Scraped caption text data
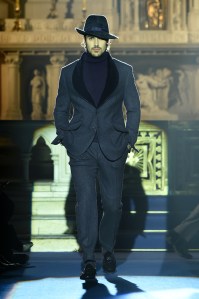 Joseph Abboud Men's Fall 2017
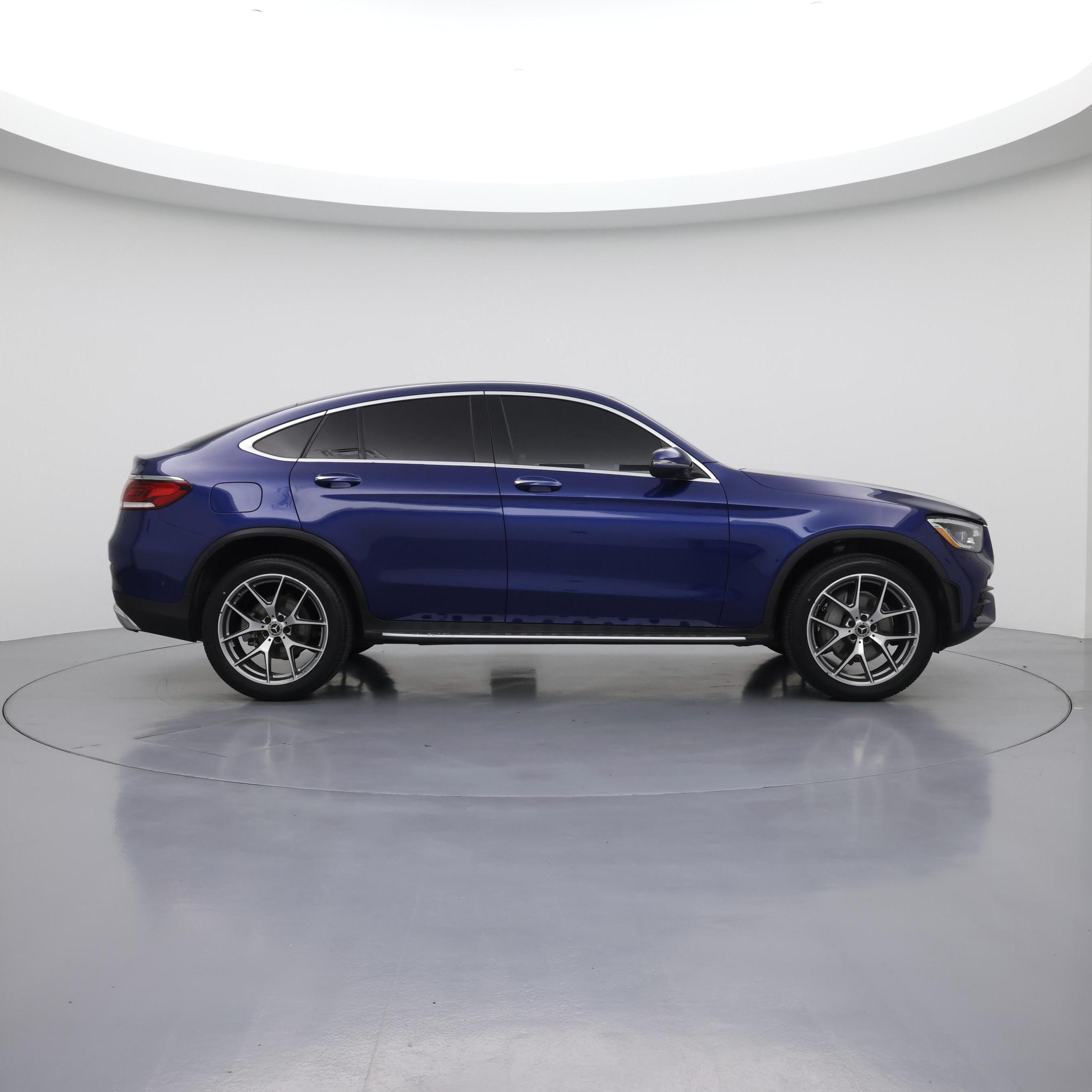 Thumbnail: 2021 Mercedes-Benz GLC - 7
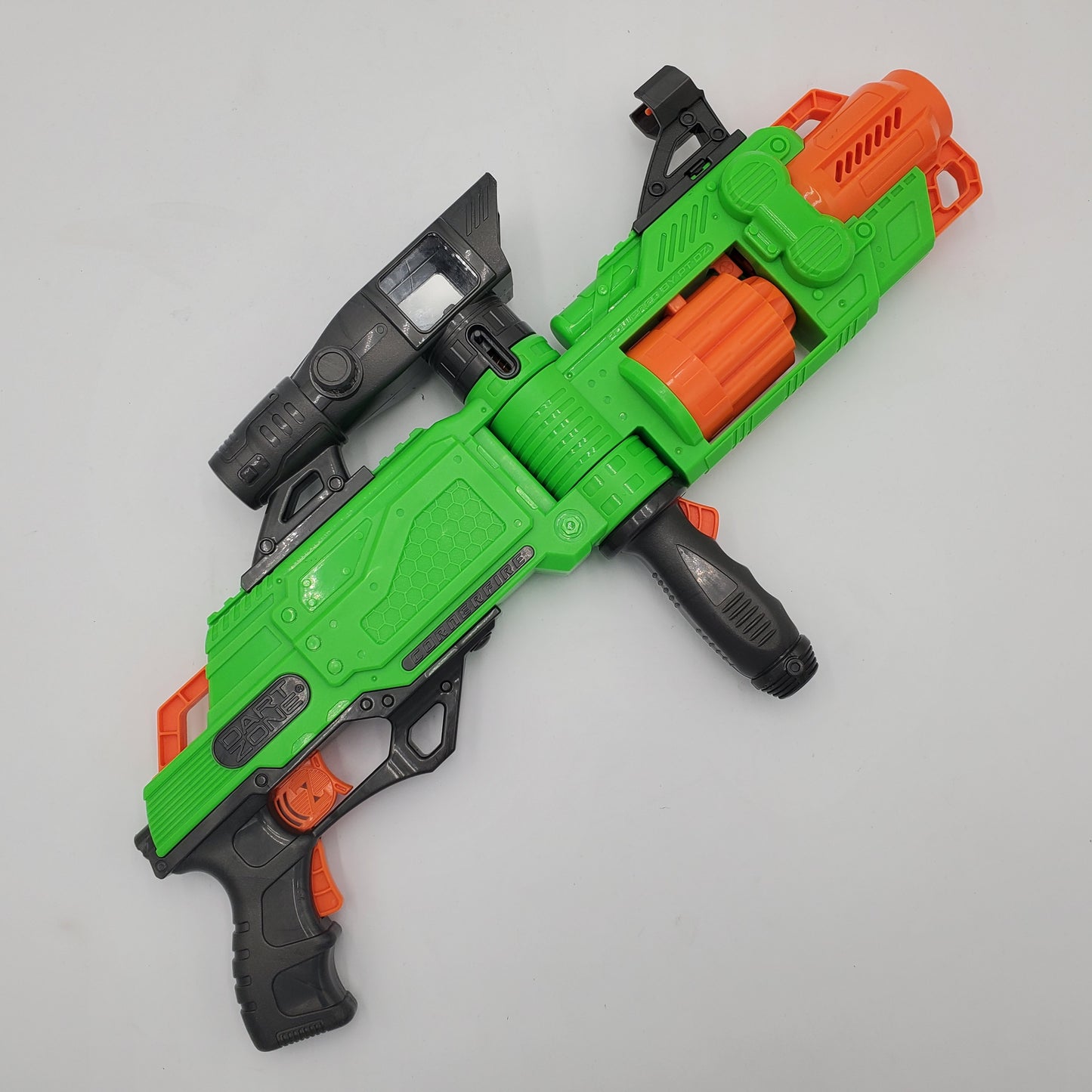 Dart Zone CornerFire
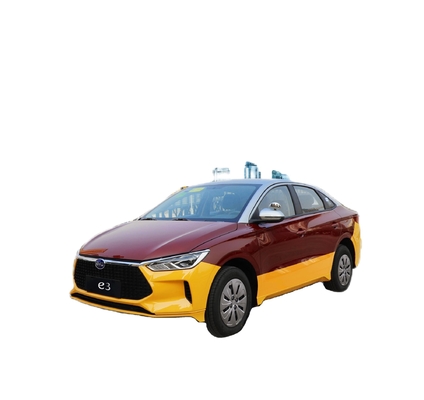BYD ไฟฟ้าบริสุทธิ์ e3 Exam ยานพาหนะพิเศษ มีระยะทาง 350 กิโลเมตร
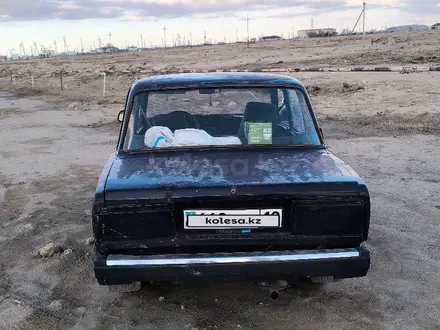 ВАЗ (Lada) 2107 2004 года за 250 000 тг. в Жанаозен – фото 2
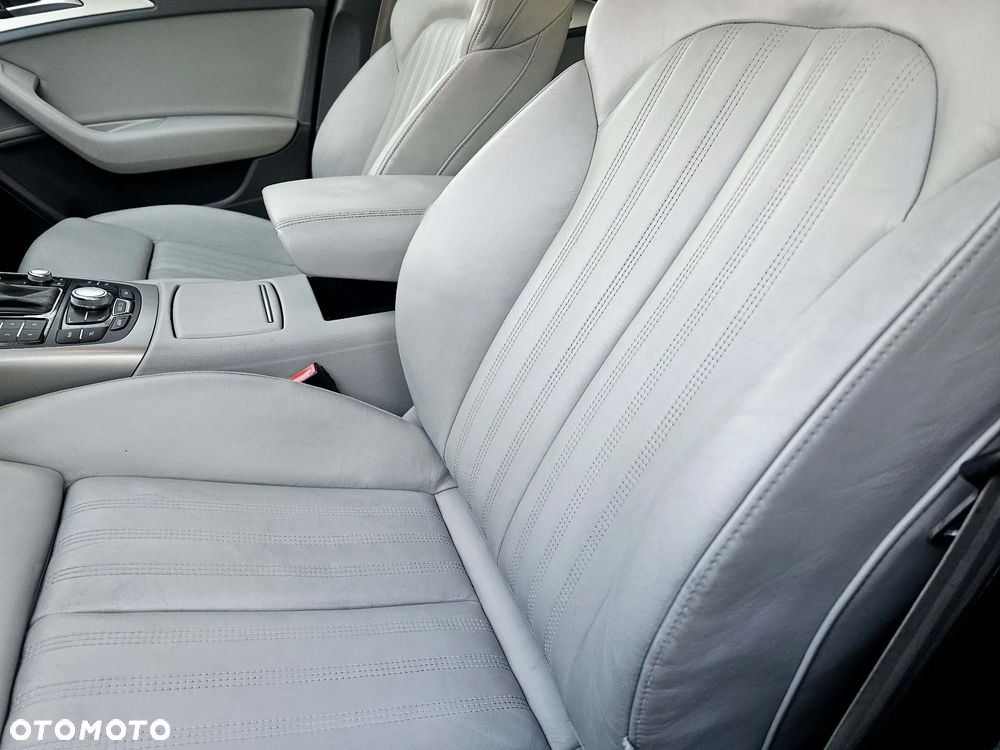 Audi A6 Avant 2.0 TDI Ultra S tronic - 23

WHAT YOU WILL DO
Write out exactly the lines beginning with the line that holds "BYD ไฟฟ้าบริสุทธิ์ e3" and ending with the final line of the data, both ends included, without the pictures.

RESPONSE
BYD ไฟฟ้าบริสุทธิ์ e3 Exam ยานพาหนะพิเศษ มีระยะทาง 350 กิโลเมตร
 ВАЗ (Lada) 2107 2004 года за 250 000 тг. в Жанаозен – фото 2
 Audi A6 Avant 2.0 TDI Ultra S tronic - 23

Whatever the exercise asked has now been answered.